Thank you Dr. Fortran @sblionel !

While most compilers would set 1 / inf = 0 by default, do we consider producing 1 / inf = NaN an acceptable & reasonable (default) behavior rather than something to worry about? If the answer is a firm yes, I will just take that note and learn to live with it, even though this is the first time I ever hear or even think about it.

Optimizing compilers orften have default behaviors that favor performance over edge-cases, such as full IEEE semantics. The Fortran standard is completely silent on this topic. In the case of ifort, you need the strict option if you will be using anything from IEEE_EXCEPTIONS and possibly even IEEE_ARITHMETIC.

How realistic is it to expect a real-world application to be doing 1/Inf?

For another example, see Strange behavior of ifort - Fortran Discourse (fortran-lang.discourse.group)

2 Likes

If the infinity results from a FP overflow, like in A/(B*C), I would say it can be expected and it would make sense to get 0 from this operation and continue. Consider for example:

real :: a=1e-15, b=1e35, c=1e5
print *, a/b       ! obviously 0.0
print *, a/(b*c)   ! I'd expect 0.0 again, not a NaN

Edit:
Worse enough, according to the Standard, a/b/c can be computed by any mathematically equivalent expression (in the absence of parentheses), so either as (a/b)/c - surely 0.0 or a/(b*c) - now as we see 0.0 or NaN. Not nice.

1 Like

For that value of a, maybe 0.0 is the “best” result.

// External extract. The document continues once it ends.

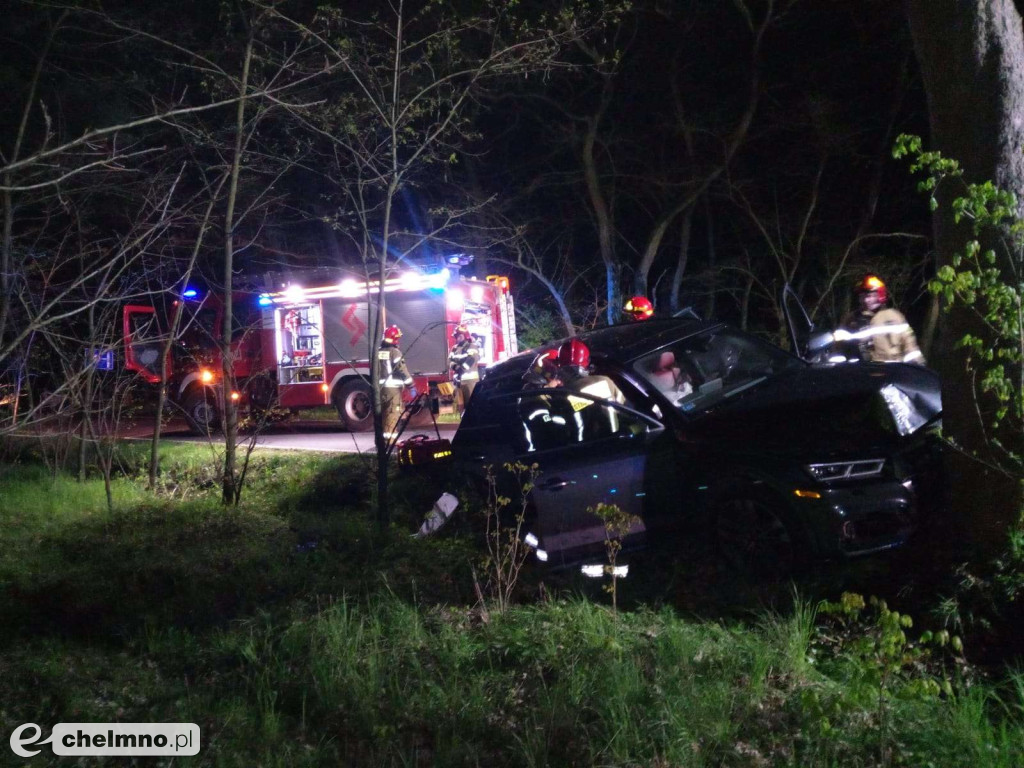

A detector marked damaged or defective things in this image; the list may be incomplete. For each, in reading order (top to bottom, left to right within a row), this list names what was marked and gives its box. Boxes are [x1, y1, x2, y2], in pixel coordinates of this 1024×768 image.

crashed black audi [452, 318, 948, 576]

But for large values of a, say anywhere in the range [1e5,1e35], 0.0 would be an unexpected value to return. The compiler is not required to assess every possible way to evaluate the result in order to avoid overflows or underflows, it is allowed to just pick a way (that respects any parentheses constraints) and evaluate it that way. Returning NaN at least tells the programmer that its chosen evaluation method resulted in something unexpected. The programmer, with knowledge of the meaning and ranges of the variables, can then add parentheses or other alternative expressions as appropriate.

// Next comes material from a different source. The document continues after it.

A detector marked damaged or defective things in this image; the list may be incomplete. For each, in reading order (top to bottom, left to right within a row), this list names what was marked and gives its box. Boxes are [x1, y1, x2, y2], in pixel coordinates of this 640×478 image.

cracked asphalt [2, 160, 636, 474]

Can anyone possibly provide a hint about the performance benefit of evaluating 1/Inf to NaN rather than the more reasonable (IMHO) zero?

If it is beneficial, why doesn’t ifort evaluate all 1/inf to NaN but leave one of them as 0 in my example? What is the benefit of doing so?

I wait to be taught, if fortunate. Thank you very much.

@zaikunzhang , it is unclear if there is much anyone can “teach” you here. The issues you are dealing with are in the processor-dependent category and chances are very high there will considerable divergence in views on the exact approaches to follow even if there is some consensus on the broad “brush strokes”. This is especially going to be the case among compiler implementations and their developers with floating-point operations. You will not get Intel and/or gfortran or another compiler to all do the same things by default.

Besides your immediate concerns are specific to Intel Fortran. You will notice the good folks at Intel are effectively informing you to decide on the best course of action for yourself - whether to use aggressive optimizations per Intel’s implementation with its default of -fp-model=fast option or go with some other options that can better suit your needs. They would want you to study their documentation in-depth, also try things out, and decide for yourself what options suit your needs: the discourse is limited.

2 Likes